Command below. But I think it seems like we might have read in the CLR or additioanl data somehow. Sounds like I should restart from the beginning? Before that - command below:

module load gcc/9.3.0 module load canu/2.2

canu \ -p Sc -d Sc-pacbio_2nodes \ genomeSize=2.7g \ -pacbio-hifi HiFi_reads/trim-cell[1-5]* \ correctedErrorRate=0.035 \ utgOvlErrorRate=0.065 \ trimReadsCoverage=2 \ trimReadsOverlap=500 \ -maxMemory=128G \ -maxThreads=64 \ -executiveMemory=16 \ gridOptions="--account=rrg-shaferab --cpus-per-task=32 --time=05:59:00"

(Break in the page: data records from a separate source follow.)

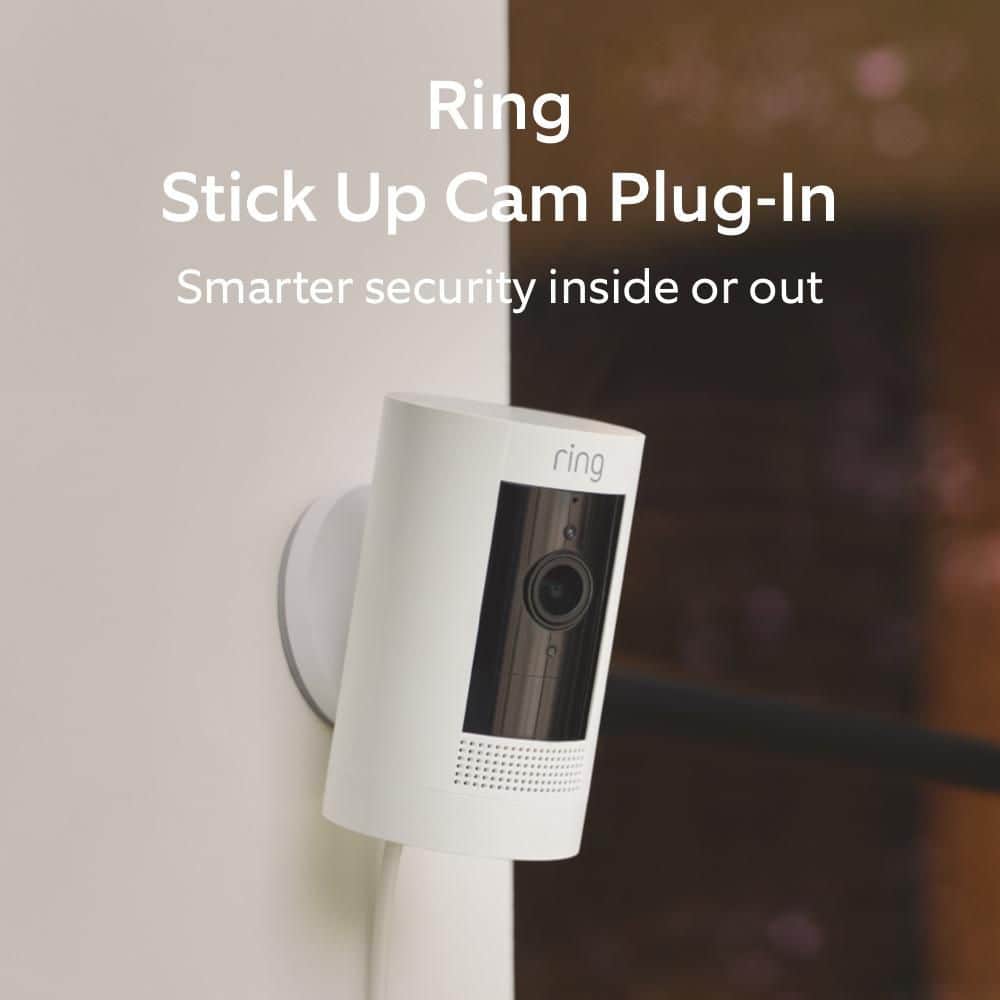 Ring (B0C5QRYBJB) Stick Up Cam Plug-In - Indoor/Outdoor Smart Security Camera with Two-Way Talk, Color Night Vision, Live View, White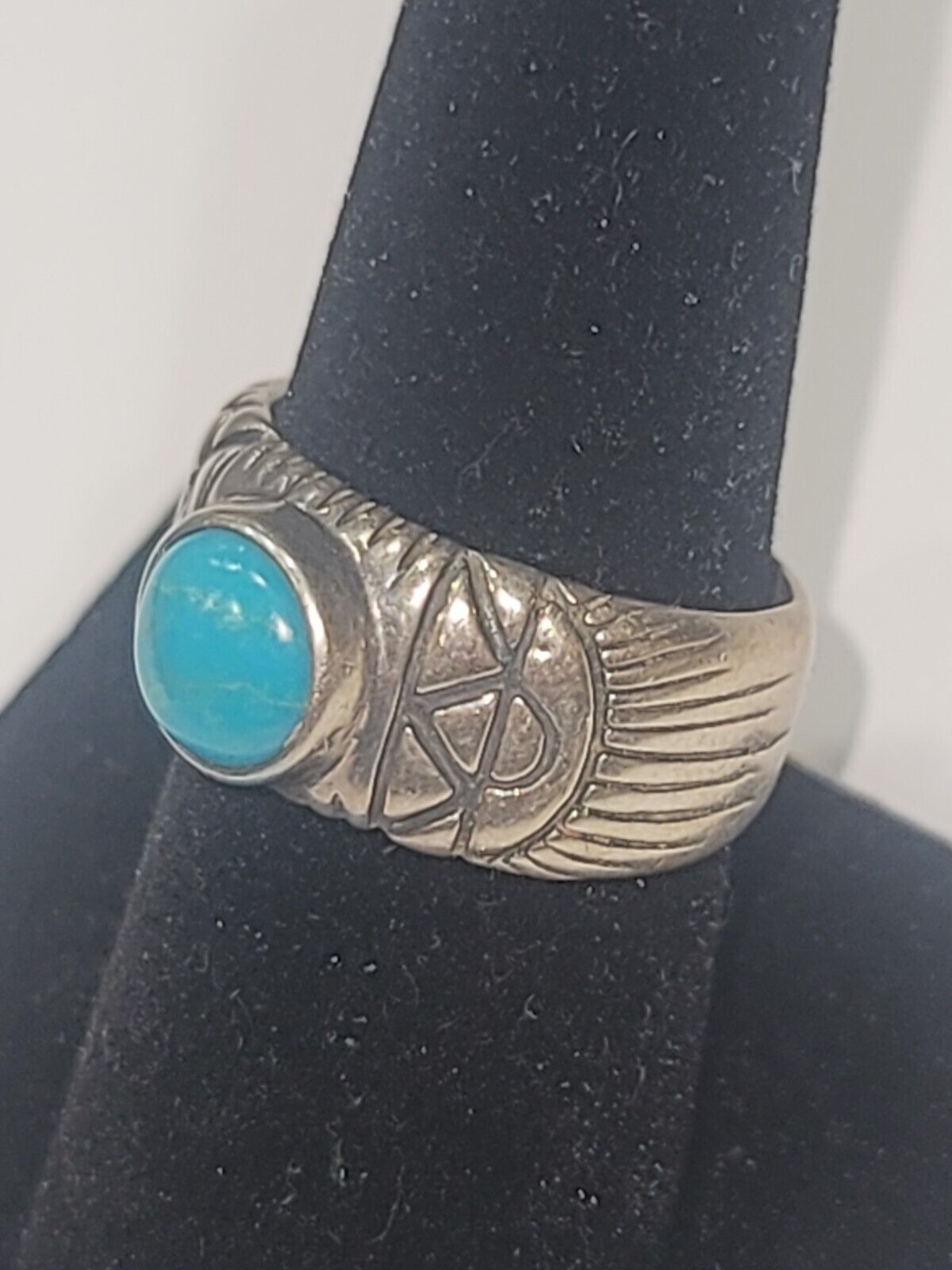 Sterling Silver Southwestern Turquoise Ring Size 8 - image 2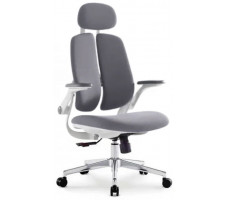 Кресло SitUp KWIN White chrome (ткань Grey/Grey)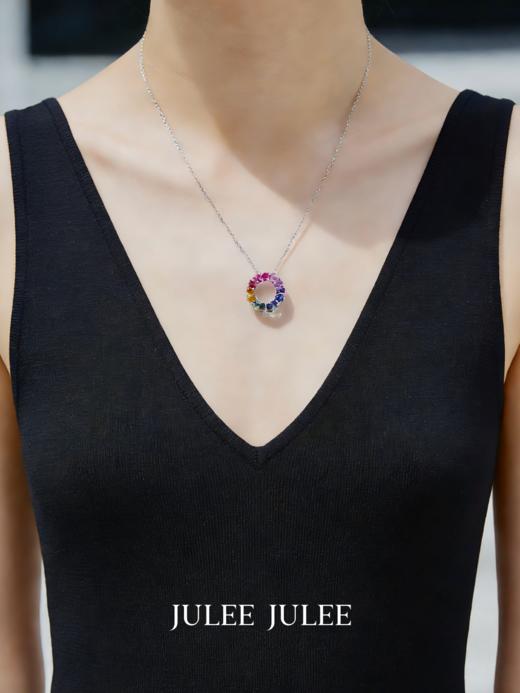 JULEE JULEE茱俪珠宝 18K玫瑰金/白金彩虹蓝宝石吊坠胸针两用款 商品图6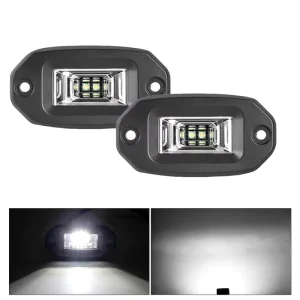 20W Flood Beam Work Light Offroad Fog Reverse Backup Driving Lights Flush Mount LED Pods for Truck ATV UTV SUV Boat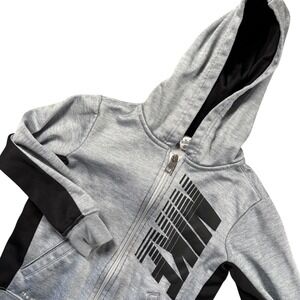 Nike Therma-Fit Full Zip Hoodie Boys 4 XS Grey Black Sweatshirt Hooded Gorpcore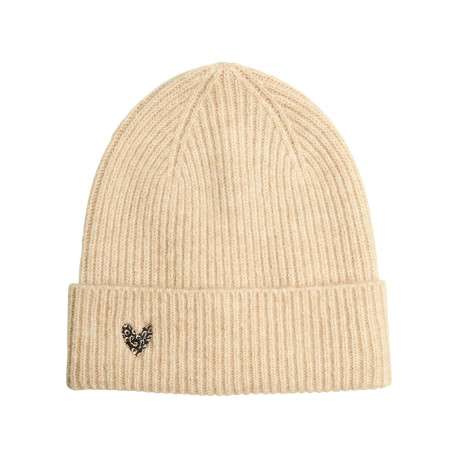 Bonnet beige uni avec un coeur motif léopard brodé à l'avant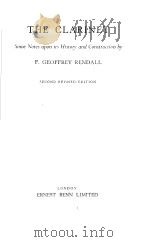 THE CLARINET SECOND REVISED EDITION PDF电子版封面 F.GEOFFREY RENDALL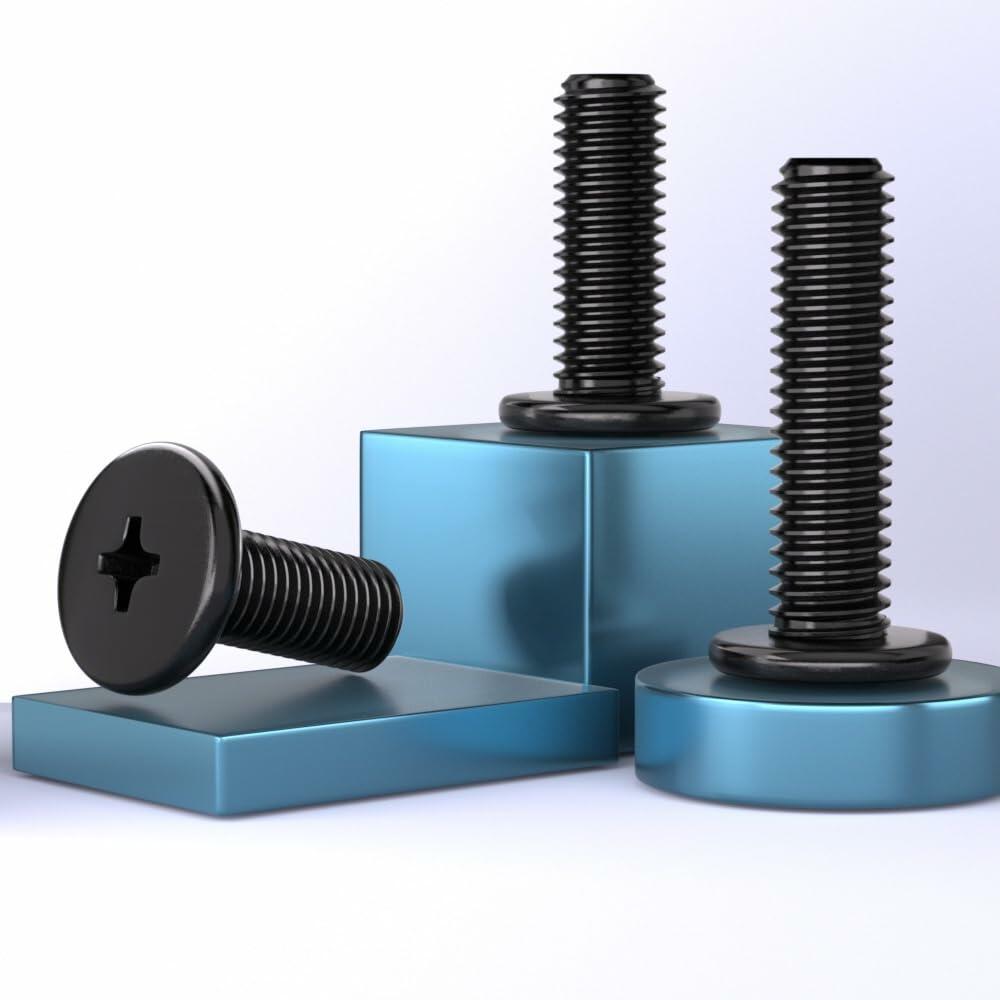 TESILANG M1.6x2mm Computer Screws Motherboard Standoffs Kit 50pcs Black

skoren commented 2 years ago

Yeah, I'd restart from the beginning. I think what you have is the SequelIe output which outputs 1 read per ZMW, even if it's a CLR read. Filter the files for Q20 reads first. You also shouldn't need the correctedErrorRate=0.035 utgOvlErrorRate=0.065 trimReadsCoverage=2 trimReadsOverlap=500 parameters then.

shaferab commented 2 years ago

for q20 reads - that extracts reads that have an average Q>20, so I can use any QC program?

Much appreciated your quick and detailed feedback, I imagine this will run much smoother once I get rid of the garbage.

skoren commented 2 years ago

I've used the PacBio dataset command before: https://www.pacb.com/wp-content/uploads/SMRT_Tools_Reference_Guide_v10.1.pdf, see page 15. I assume other tools would work. If you have the BAMs for the cells, there should be a tag indicating QV for each read as well that you can use to filter.

skoren commented 2 years ago

Idle, input was not HiFi data and likely needed filtering.